Feb. 3, 1929 – New York Nationals win Lewis Cup
Post by frankdellapa@gmail.com
The Nationals and New Bedford Whalers were even, 4-4, on aggregate, so this was the deciding match, staged “before an enthusiastic crowd of 4,000 fans at Hawthorne Field in Brooklyn,” according to The Boston Globe account. The Nationals took a 4-2 victory, the Whalers squandering the advantage after a scoreless first half.
New Bedford was led by 40-year-old Sam Chedgzoy, a star at Everton and with the England national team, plus Jeremiah Best (formerly of Newcastle and Leeds United) and Scottish international Jimmy Howieson. The Whalers’ center half was Jimmy Montgomerie, who in late February would play in his 200th consecutive American Soccer League match (he totaled 303 career games).
“The shooting of Best and Chedgzoy, the two outside men in the New Bedford line, was one of the outstanding features of the play,” and the Whalers took the lead “from the first breakaway following the restart, Chedgzoy scored with a beauty of a pass from Howieson.”
The Nationals recovered for a 3-1 lead on a 74th-minute Jimmy Gallagher goal. A 21-year-old Arnie Oliver, among the best U.S.-born players of the era, entered as a substitute for Mike McLeavy, and the Whalers cut the deficit as Sam Kennedy scored “on a mixup” before Gallagher converted the final goal. Gallagher had moved to the U.S. from Scotland, signing his first professional contract at age 20 with J&P Coats of Pawtucket for the 1921-22 season.

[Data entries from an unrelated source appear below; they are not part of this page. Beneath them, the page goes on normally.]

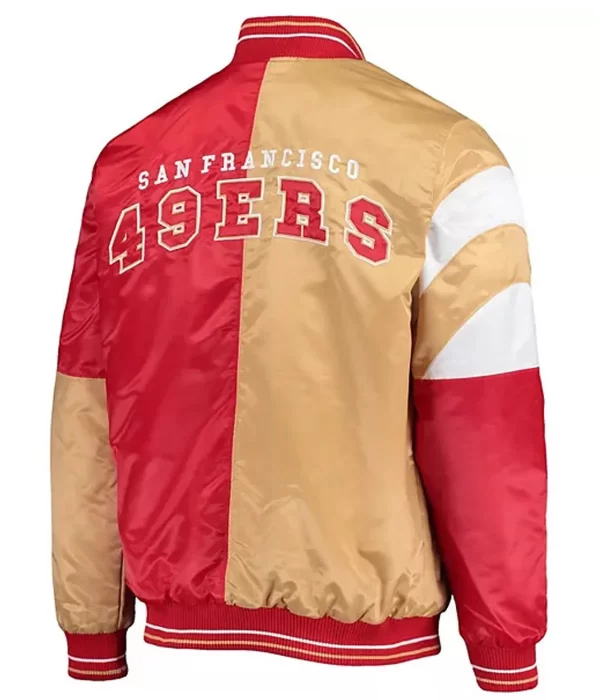 San Francisco 49ers 85 George Kittle Varsity Satin Jacket back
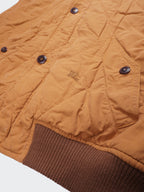 Burberry Orange 1990's Quilted Bomber Jacket - L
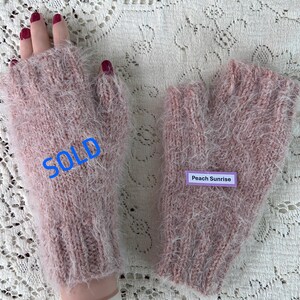 Faux Angora Hand-Knit Soft Fingerless Gloves, One-of-a-Kind image 10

The Nationals’ Gallagher and Liverpool-born Bart McGhee, plus Oliver, would go on to join the U.S. national team for the first World Cup in Uruguay in 1930.
This competition, “emblem of supremacy in the American Soccer League,” was named for Bethlehem Steel Company vice president Horace Edgar Lewis, who was “instrumental in the formation of the American Soccer League,” according to Colin Jose’s account of the history of the league.
The New York Nationals were a dominant team in cup competitions, having captured the U.S. Open Cup in April. Ironically, a dispute over entry into cup competitions led by Nationals’ owner Horace Stoneham led to the “Soccer War” that disrupted the ASL in 1929 and sparked the decline of professional soccer in the U.S.